A system according to claims 42 or 43, wherein at least a part of said first means (780, 786, 789, 799) and of second means (810 to 813, 821) are interconnected by said interconnection means (795, 796, 797, 807, 814) in the form of a local area (815) network (798).
A system according to claims 42 or 43, wherein at least a part of said second means (810 to 813, 821) are directly or indirectly connected by cables and/or by optical fibres and/or by wireless links and/or particularly by the Internet network (824) to remote data processing centres (834) and/or to railway safety and signalling data processing systems (843) and/or to other railway data processing systems (852).
A system according to claim 53 and to claim 46, comprising a software application which recognizes from imaging data the placards provided for hazardous goods transportation and, by optical characters recognition, the relevant codes and associates such hazardous goods information to the relevant vehicle and, if applicable, to the net weight of an hazardous good loaded on the passing rail vehicle, such information for one or more vehicles in a consist constituting a set of information that may be sent to other systems or may be stored for a possible later access by other systems or may be used to generate alarms for the railway safety and signalling system if the relevant transport of hazardous goods does not comply with one or more restrictions for the circulation on a relevant rail track section.
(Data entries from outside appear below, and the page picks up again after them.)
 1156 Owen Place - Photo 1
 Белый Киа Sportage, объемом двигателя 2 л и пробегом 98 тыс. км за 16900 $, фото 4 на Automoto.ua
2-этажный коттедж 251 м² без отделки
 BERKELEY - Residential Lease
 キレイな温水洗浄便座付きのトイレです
A system according to claim 53, wherein a portable data processing unit (846) provided with a wireless communication device (847) receives data and information from a system installation (815) to support the mandated personnel in finding a vehicle for which such system installation has detected one or more defects and/or hazardous conditions and in the performance of the relevant actions to be carried out by such personnel.
A system according to claim 53, wherein one or more remote system remote management centres (834) interconnected with a system installation (815) maintain the software and the data sets of such system installation and/or monitor the correct functioning of such system installation, possibly also using satellite (825) and terrestrial (826) communication systems.
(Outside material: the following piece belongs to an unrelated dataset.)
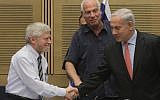 State Comptroller Yosef Shapira (left) shakes hands with Prime Minister Benjamin Netanyahu (right) in December 2012. (Miriam Alster/Flash90)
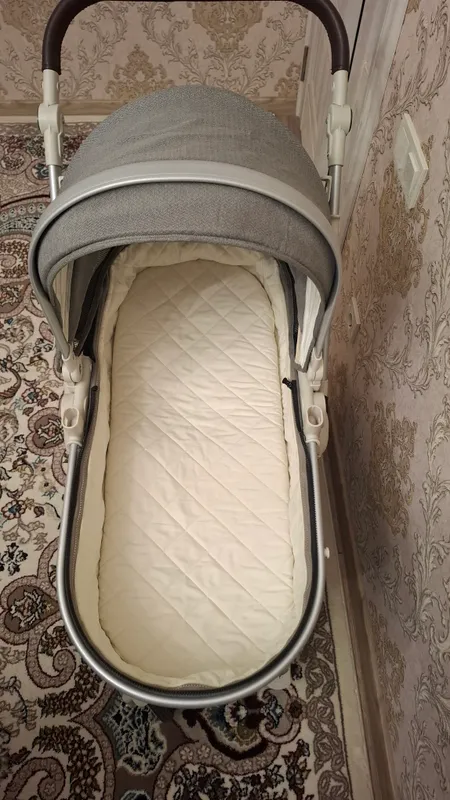 Коляска в хорошем состоянии 2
A system according to claims 42 or 43 and to the method of claim 17, wherein the information on defects and hazardous conditions detected for a passing rail vehicle, and particularly for those defects that do not correspond to a severe immediate hazard, is associated with the unique identity of the passing rail vehicle and directly or indirectly (834, 842) made available to information systems (842) related to rolling stock maintenance.
A system according to claims 42 or 43 and to the method of claim 17, wherein the unique identity of the passing rail vehicle is made available directly or indirectly (834, 842) to information systems (842) related to rail transportation logistics.